3. How do children experience and understand their relationship with social workers?
• What are children's reflections on a specific practice encounter prior to and following the meeting?
• What do they identify as strengths and weaknesses of the communication?
• How do a small sub-sample of children experience their relationship with their social worker over a period of time?
• Do children and practitioners identify similar or different indicators of successful communication?
4. What factors best facilitate communication between social work practitioners and children?
• What is the impact of the practice environment? (including national and local policies, practices and cultures)
• How does the purpose of the encounter shape the nature of the communication?
• What is the impact of inter-personal factors?(such as age and cultural background of child, experience and personal identity of worker, use of structured tools and toys, levels of concern)
When social workers assess allegations of child abuse, they are involved in potentially life and death situations. This work, along with the subsequent requirements to protect and promote the wellbeing of vulnerable children, from infancy to adolescence, through accurate and appropriate communicate with them, demands highly developed professional skills.
Whilst there is a substantial body of knowledge about the circumstances surrounding social workers' communications with children in the extraordinary contexts of children being seriously harmed or killed, less is known about how social workers communicate with children in ordinary, everyday practice, the challenges they encounter in this process and the sense social workers and children make of these interactions. There is an urgent need for research to be conducted into social workers' communication with children at key points and places in a child's safeguarding and 'looked after' journey. Two such key points include the social worker-child interaction at the point of referral and assessment and in the course of longer-term relationship-building if children become 'looked after'.

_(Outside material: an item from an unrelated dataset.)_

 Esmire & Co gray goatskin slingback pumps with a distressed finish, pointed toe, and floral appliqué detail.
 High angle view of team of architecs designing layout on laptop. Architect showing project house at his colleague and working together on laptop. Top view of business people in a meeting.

To date, we have relied largely on the retrospective reflective accounts of participants in these social worker-child encounters. We have some ideas as to what happens (research suggests that children may be overlooked or inadequately engaged with), how it happens (parents' use of space, and physical presence to exclude a child from conversation) and why it happens (time pressures, power, intimidating emotional dynamics, exposure to risk, fear of what might be said and what to do with what is said). Currently, what is missing, and the central focus of this study, is the direct observation of social worker-child interactions. To address this gap in knowledge, this study will explore how social workers communicate with children in their ordinary, everyday practice and how the social workers and children involved in these encounters experience and understand them.

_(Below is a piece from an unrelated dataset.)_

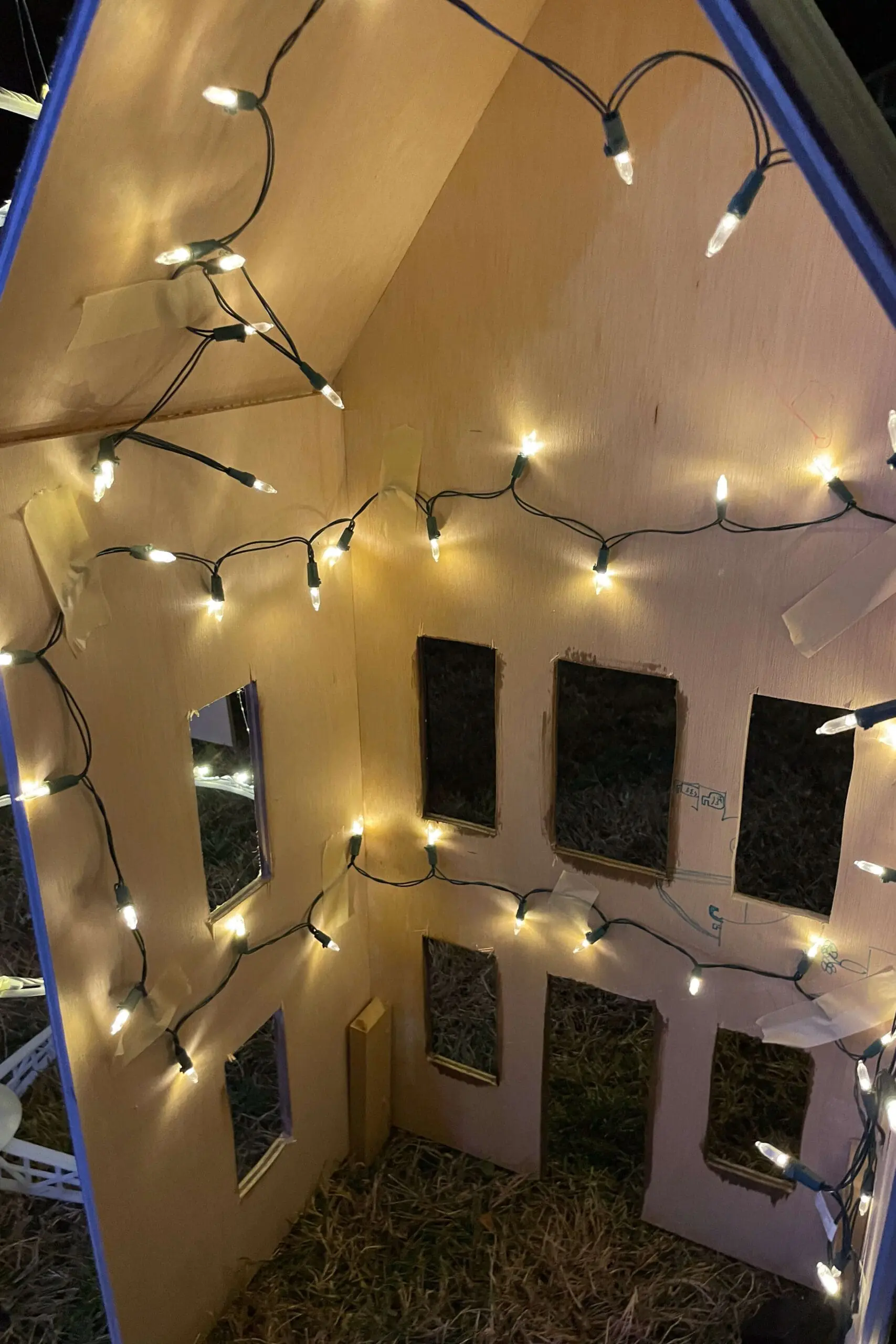 Interior view of a wooden gingerbread house illuminated with string lights, creating a cozy glow that highlights the handcrafted windows and structure. The soft lighting adds warmth, making it a magical holiday display piece.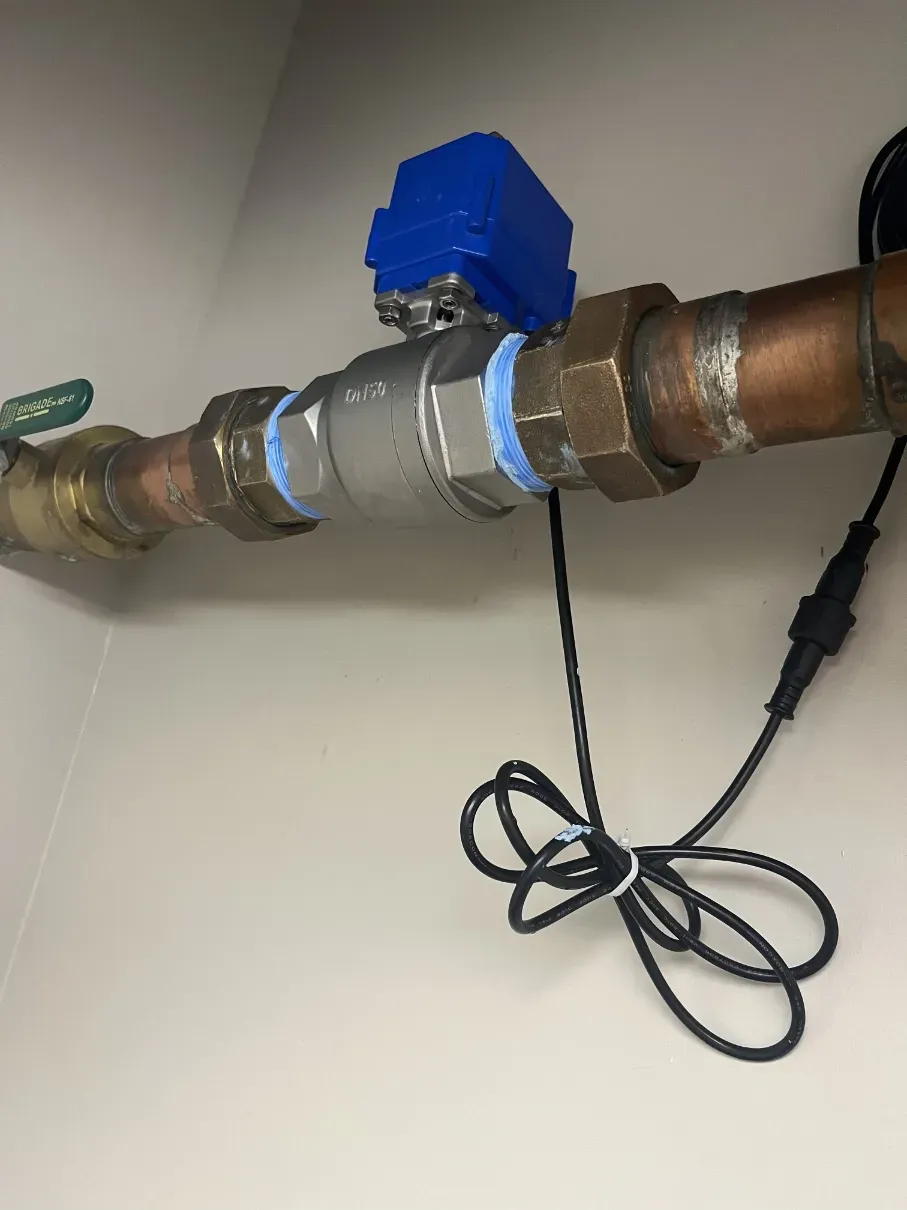 Blue valve on a copper pipe with a black cord hanging below, against a wall.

The research will take place in two specific settings to encompass communication that takes place across a range of key social work tasks with children: firstly, in the reactive domain of frontline assessment teams, where relationships with children have to be developed rapidly, and secondly, in the more controlled environment of teams working with 'looked after' children in foster, residential or kinship care, where there is the potential for longer-term relationships.
The project will have three phases:
Phase one will be located in intake and assessment teams in four local authorities across the four UK nations and will involve observations of practice and semi-structured interviews with social workers.
In phase two, social workers and looked after children in two local authorities (in Wales & Scotland) will be videoed when meeting to review the child's care arrangements and the video will be used in interviews with children and workers to stimulate their reflections on the meeting. These data will be complemented by a small-scale participatory video project with children involved in the study.
Phase 3 involves the development of dissemination and training tools, utilising the data from the first two phases, plus videoed discussions of the findings with groups of practitioners from the four local authorities involved in phase 1.
The findings will make an important original contribution to:
• social work policy and practice in national and international settings
• qualifying and post-qualifying social work education
• inter-professional work with vulnerable children
• social science knowledge
Impact will be realised in different, complementary ways:
• digital and paper-based resource packages for professional training and development
• academic and professional conference presentations
• publications in academic and professional journals
• academic-practice knowledge exchange activities
• enhanced professional knowledge and skills of practice and research participants
The study addresses two of the economic and societal impacts identified by Research Councils UK. These are:
1) Increasing the effectiveness of public services and policy: The project will make a contribution to knowledge and skills in relation to social work with children and young people as well as to knowledge about obstacles and opportunities in terms of communicating with vulnerable children more broadly.
2) Enhancing quality of life, health and creative output: The project will have a direct impact on those who take part in it (social workers and children), and will be of benefit to many more through the project's knowledge exchange activities. It is likely to be welcomed throughout the UK and beyond, as those working with vulnerable children struggle to find attuned ways of communicating with them. Similarly, the innovative method and tools will be readily transferable to other research and practice projects centred on work with children.